Re: short display with 2.1.132-ac3, matroxfb and XF86_SVGA 3.3.3

Jon M. Taylor (taylorj@ecs.csus.edu)
Wed, 6 Jan 1999 12:09:12 -0800 (PST)


On Mon, 4 Jan 1999, Gerd Knorr wrote:

> On 4 Jan 1999, Jes Sorensen wrote:
>
> > I do not say you cannot, I do say there may be problems and therefore
> > people are lucky if it works - it is not guaranteed to work as in the
> > example with the Mach64 server.
>
> It is supported to work. If the X-Server does crazy things with the video
> board, it _must_ reverse these on exit and console switches.

That is just not possible in some cases.

> It works
> with the text console, why it should'nt work with fbcon too?

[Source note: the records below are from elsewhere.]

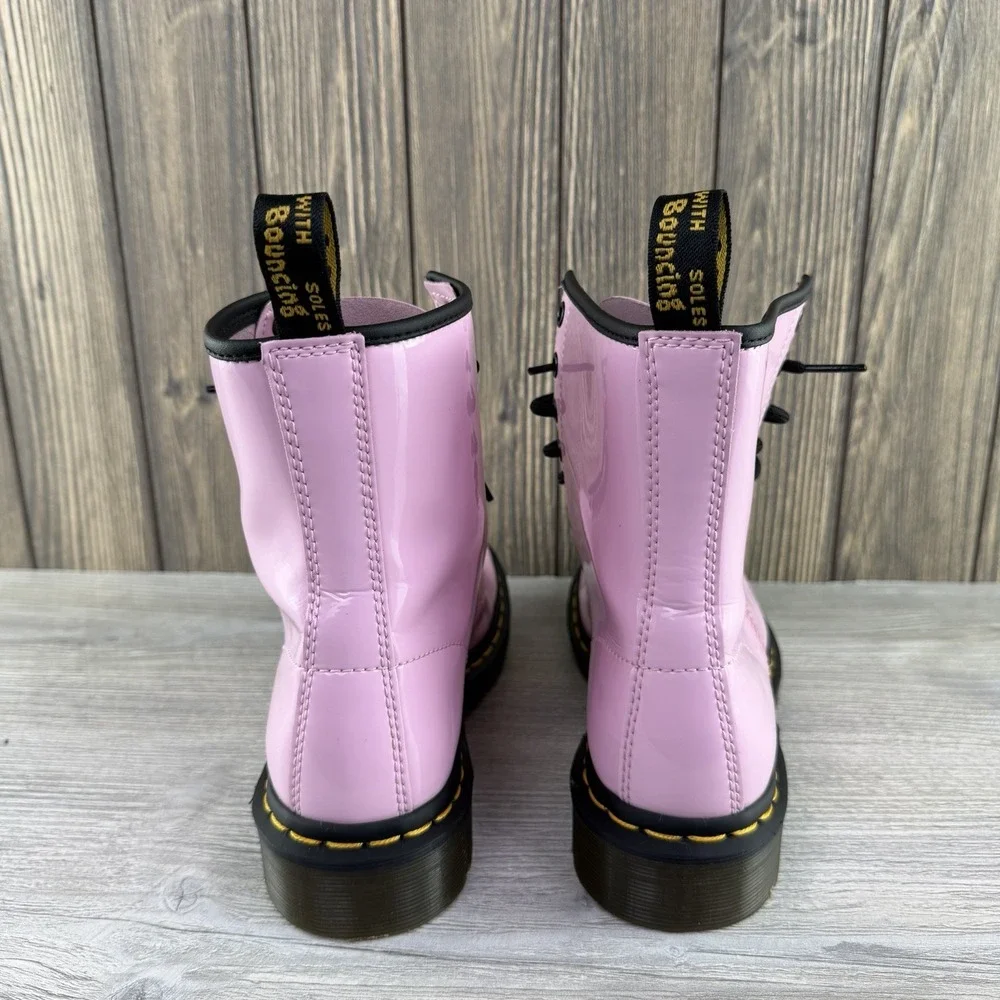 Dr Doc Martens Pink Black Combat Boots Barbie Patent Leather Women Size 7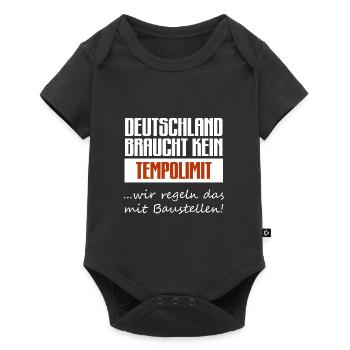 Deutschland Tempolimit Verkehr Auto LKW Fahrlehrer - Baby Premium Kurzarmbody - Schwarz - Vorne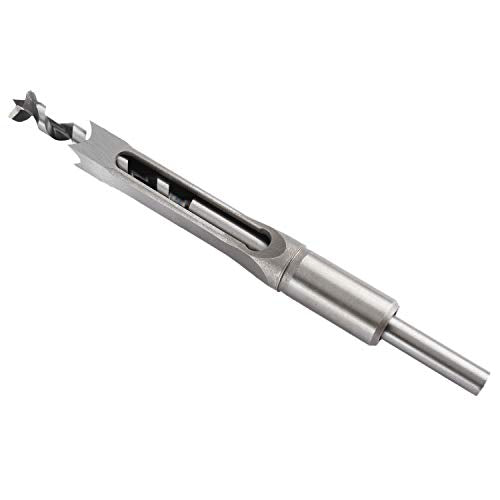 7 pcs Square Hole Mortise Chisel Drill Bit Tools 3/4" 5/8" 9/16" 1/2" 3/8" 5/16" 1/4", HSS Woodworking Hole Saw Mortising Chisel Drill Bit Set YaeKoo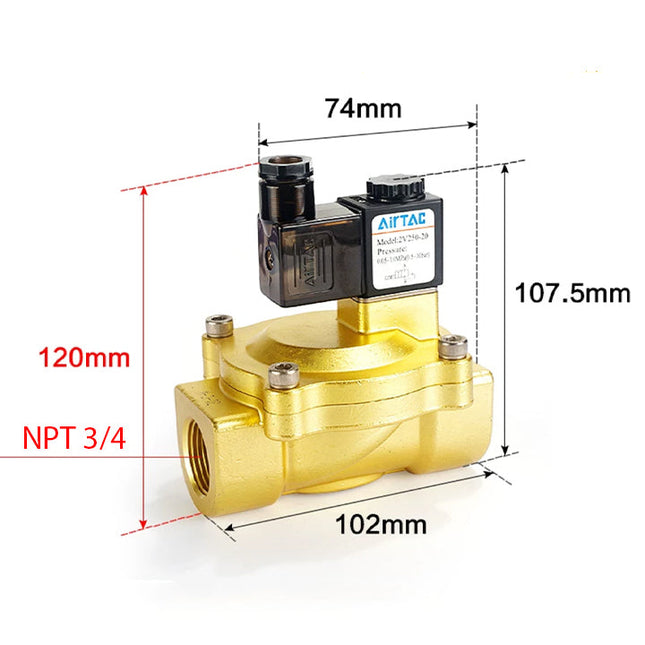 Airtac 2V250-20: 2 Way Solenoid Valve - 2V25020BT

Because the text console video mode is *usually* a very simple
mode which the X server can always return to. But that is not guaranteed,
and if it is not the X server cannot be expected to figure it out. The
bottom line is that the fbdev drivers cannot make any changes to the video
mode anywhere once X has been run, or X will not know how to properly
restore the original video mode.

> It does'nt work (some versions of??) AccelX, becauce it _allways_ switches
> back to 80x25 text mode.

It does not matter if the problem is due to X blindly resetting to
80x25 textmode or to whatever mode the hardware was in when X was started.
The problem, which is that there's no mechanism for locking and
arbitrating access to the video card, remains.

> There are some boards where you can't read the current state (completely).
> With these the X-Server of cource has bad/no chances to restore things
> correctly. Blame your hardware. With such hardware you probably have the
> same problem if you try to switch between two X-Servers or between X and
> svgalib.

Nope. It can happen to the best hardware in the world. As long
as X and the fbdev drivers do not bother to communicate to each other what
they are doing to the video card, either can put the card in a state which
the other one does not know about and cannot determine on its own, and
which will cause the other to die horribly on a VT switch.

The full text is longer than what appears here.